• _ACTION ITEM_: Retype every line from the one containing "26010BR02A Nissan/Infiniti Reflektor prawy" through the last line of the records below, both included; leave out the pictures.

• _Extracted data entries_:

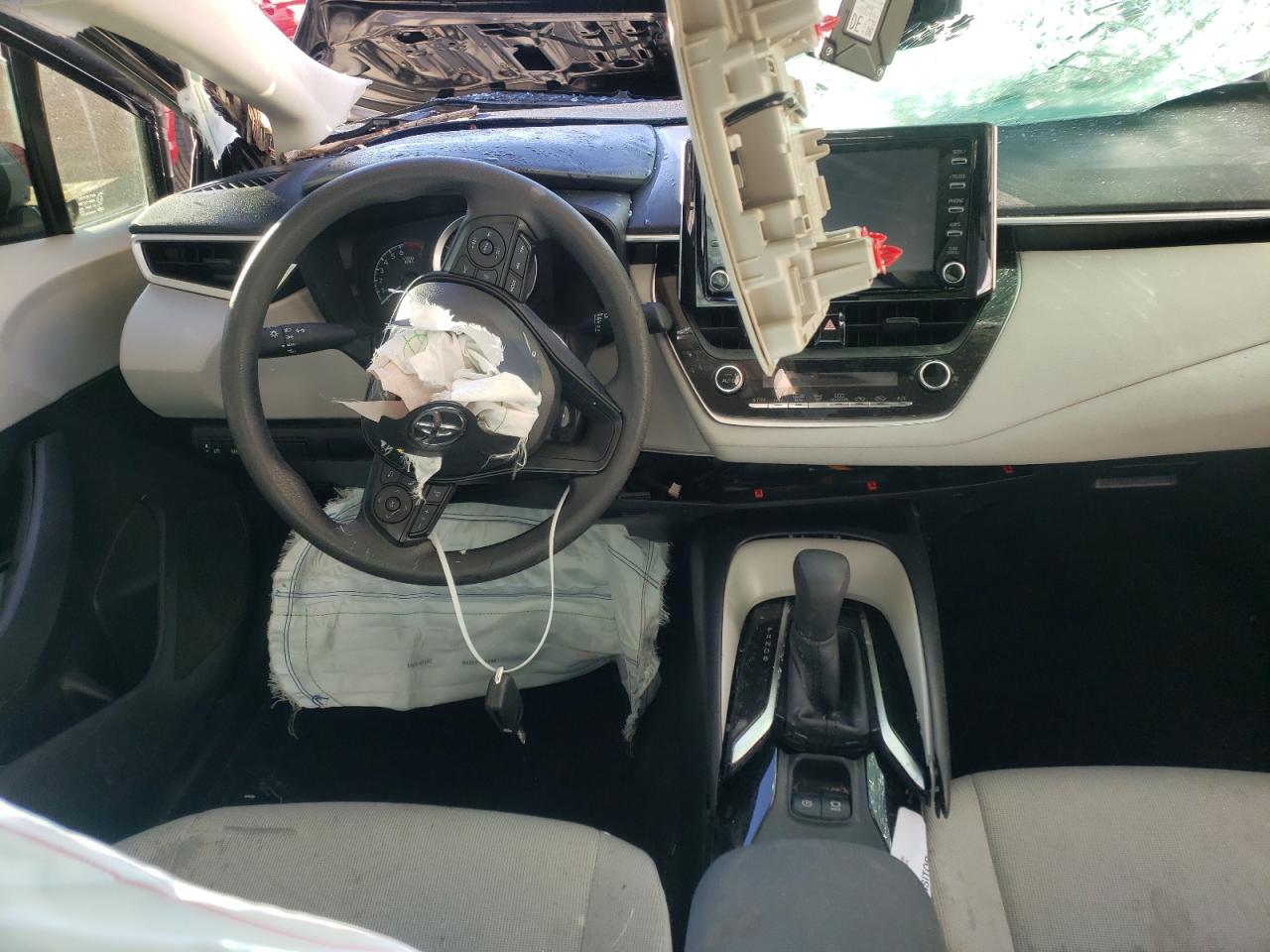 Photo 9 from auction – 2020 TOYOTA COROLLA LE with VIN JTDEPRAE2LJ065897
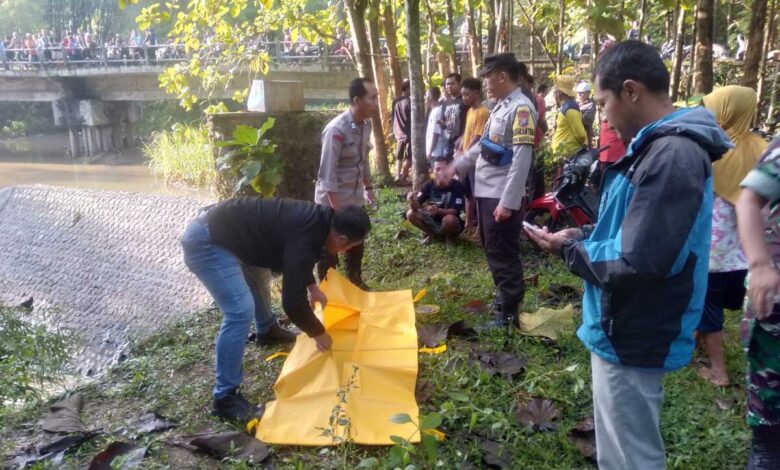 Kabupaten Ponorogo Geger Adanya Mayat di Sungai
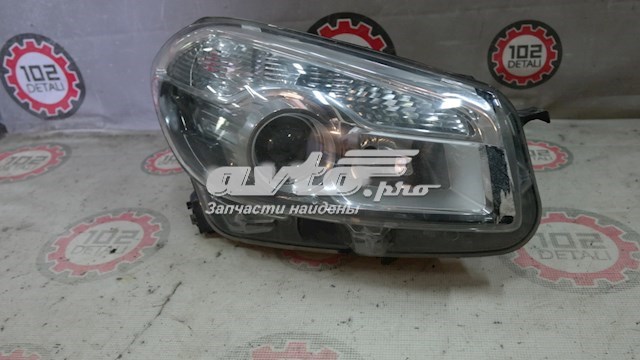 26010BR02A Nissan/Infiniti Reflektor prawy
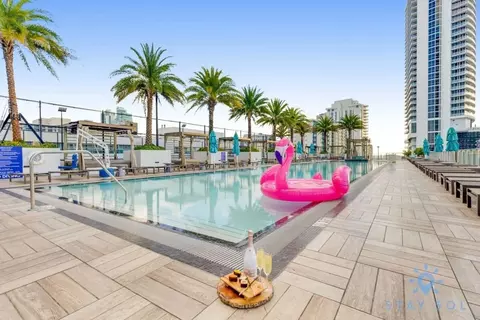 4112 Jimmy Buffett Memorial Highway #1227199P, Hollywood, FL 33019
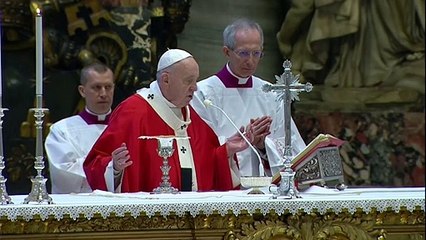 下载视频: El papa celebra la misa de Domingo de Ramos sin fieles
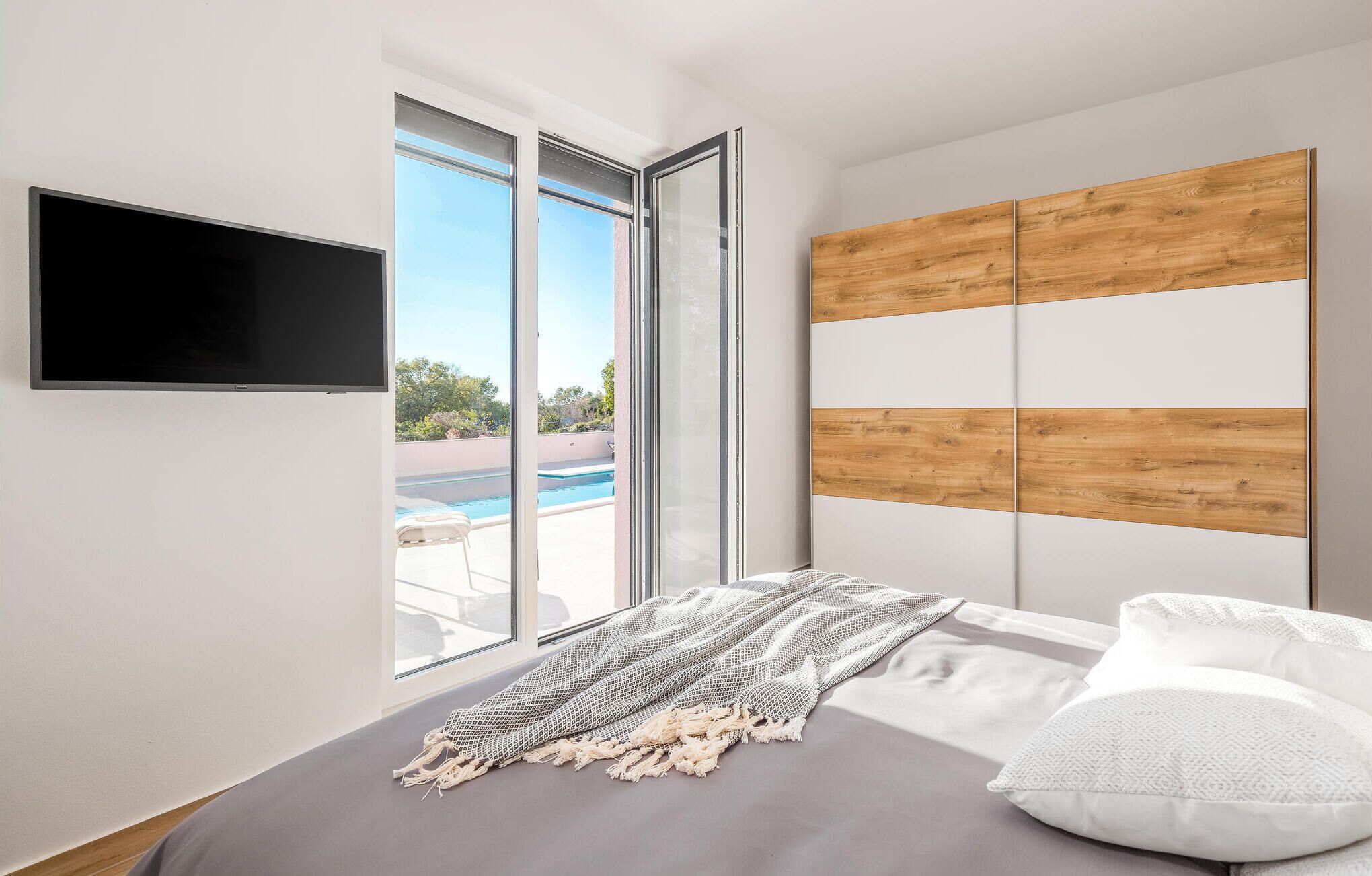 4 soverom, safe på rommet, reiseseng for barn og wi-fi (inkludert)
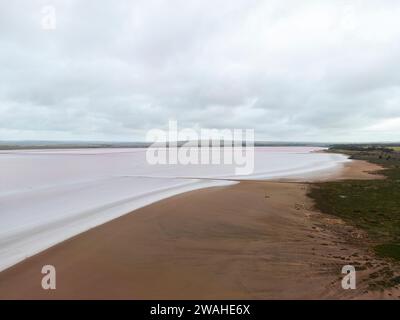 Aus der Vogelperspektive auf den Lake Bumbunga (Lochiels Pink Lake) im Clare Valley in South Australia Stockfoto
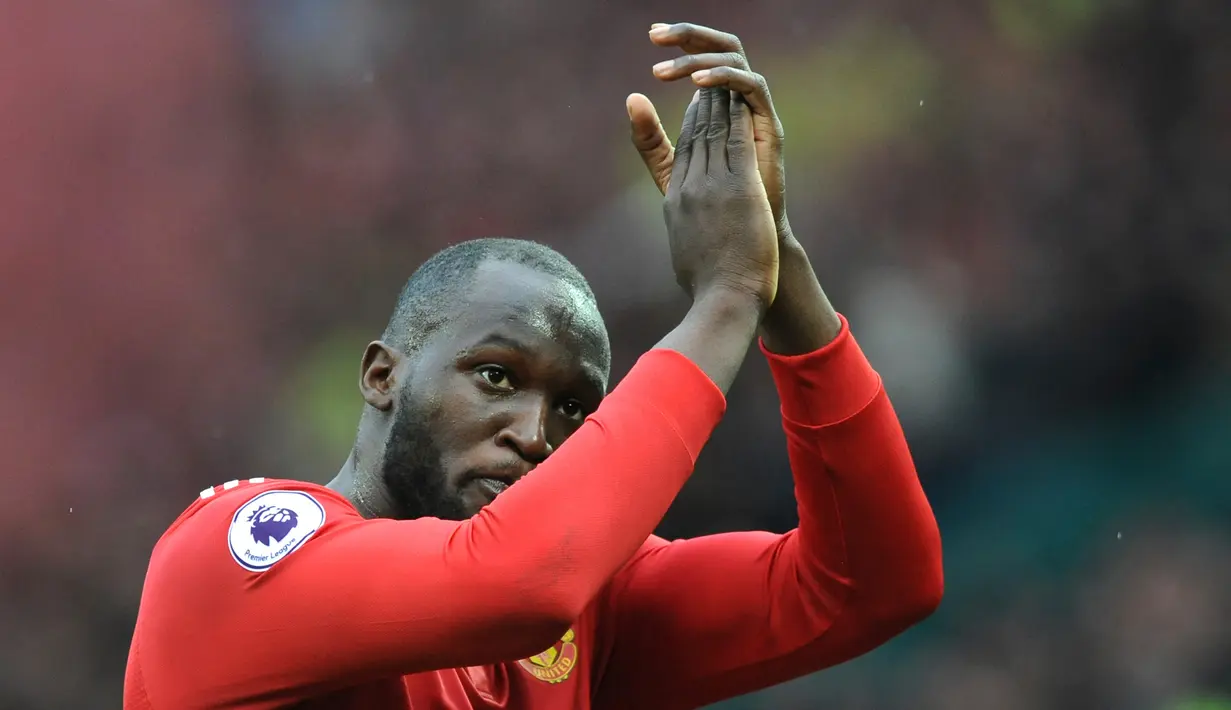 Pemain Manchester United, Romelu Lukaku memberi tepuk tangan pada penonton saat melawan Liverpool dalam pertandingan Liga Inggris di Old Trafford, Manchester, Inggris, Sabtu (10/3). MU kokoh di posisi kedua klasemen. (AP Photo/Rui Vieira)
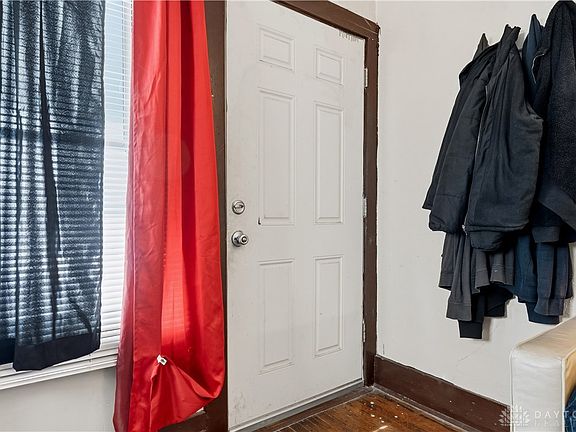 5th image of 252 Brooklyn Ave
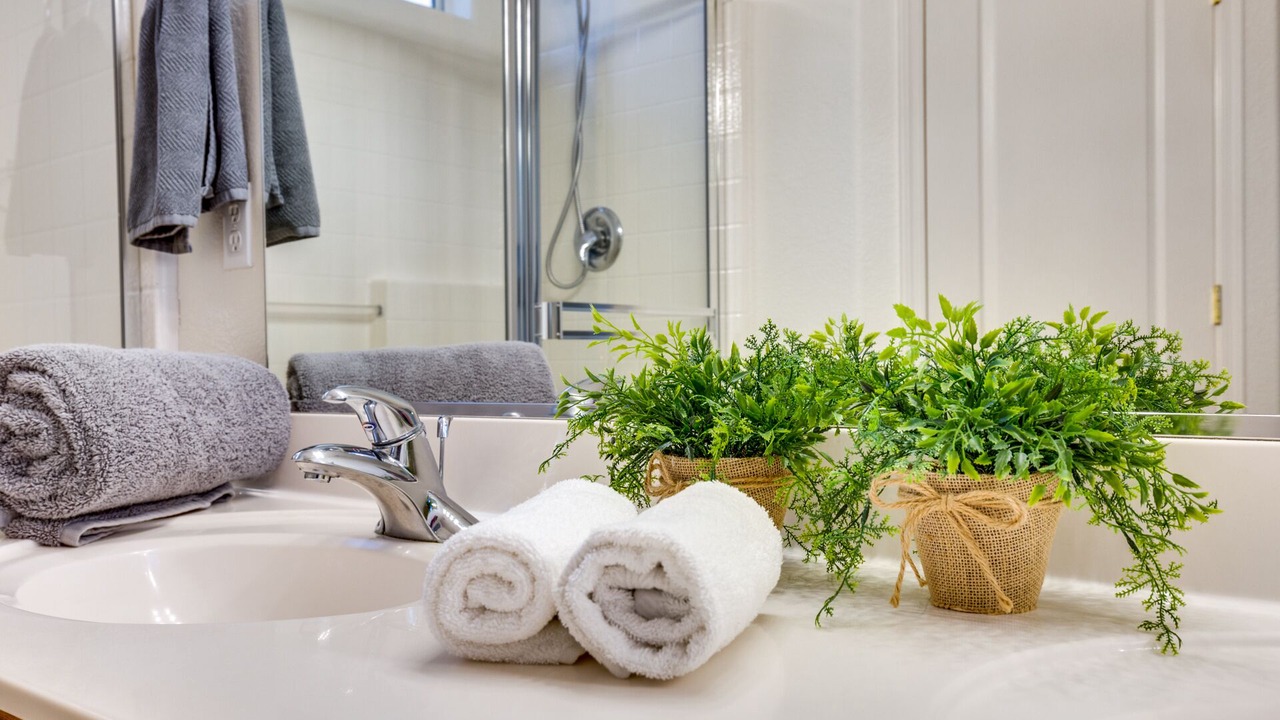Photo of Bathroom in Sunrise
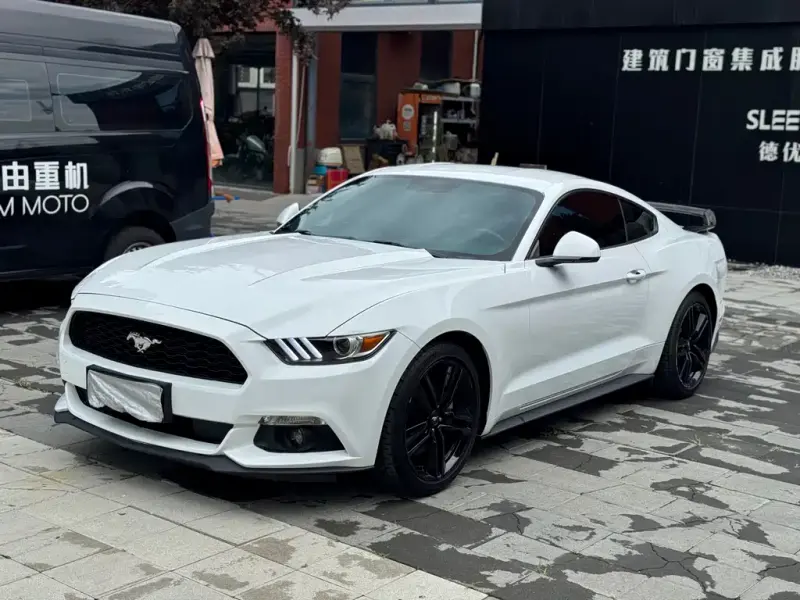 Ford Mustang, 2016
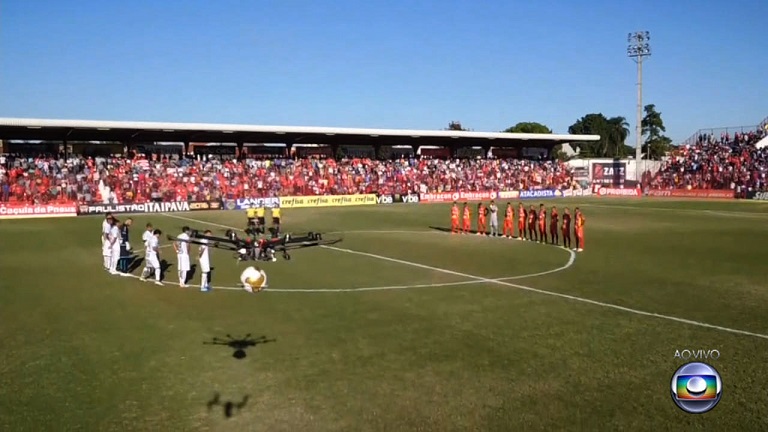 Em ação criada pela Fischer, drone entrega bola na final do Campeonato Paulista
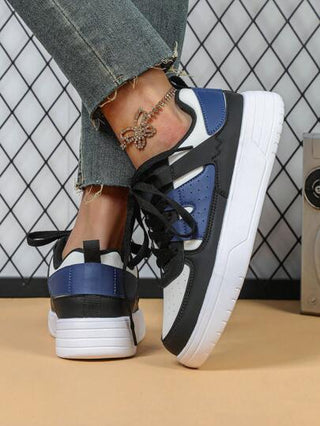 أحذية رياضية خفيفة الوزن مريحة باللون الأبيض والأسود والأزرق الداكن مناسبة للتنقل والمشي والعطلات والرياضة ولأزواج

• _RESULT OF THIS TASK_:
 26010BR02A Nissan/Infiniti Reflektor prawy
 4112 Jimmy Buffett Memorial Highway #1227199P, Hollywood, FL 33019
 下载视频: El papa celebra la misa de Domingo de Ramos sin fieles
 4 soverom, safe på rommet, reiseseng for barn og wi-fi (inkludert)
 Aus der Vogelperspektive auf den Lake Bumbunga (Lochiels Pink Lake) im Clare Valley in South Australia Stockfoto
 Pemain Manchester United, Romelu Lukaku memberi tepuk tangan pada penonton saat melawan Liverpool dalam pertandingan Liga Inggris di Old Trafford, Manchester, Inggris, Sabtu (10/3). MU kokoh di posisi kedua klasemen. (AP Photo/Rui Vieira)
 5th image of 252 Brooklyn Ave
Photo of Bathroom in Sunrise
 Ford Mustang, 2016
 Em ação criada pela Fischer, drone entrega bola na final do Campeonato Paulista
 أحذية رياضية خفيفة الوزن مريحة باللون الأبيض والأسود والأزرق الداكن مناسبة للتنقل والمشي والعطلات والرياضة ولأزواج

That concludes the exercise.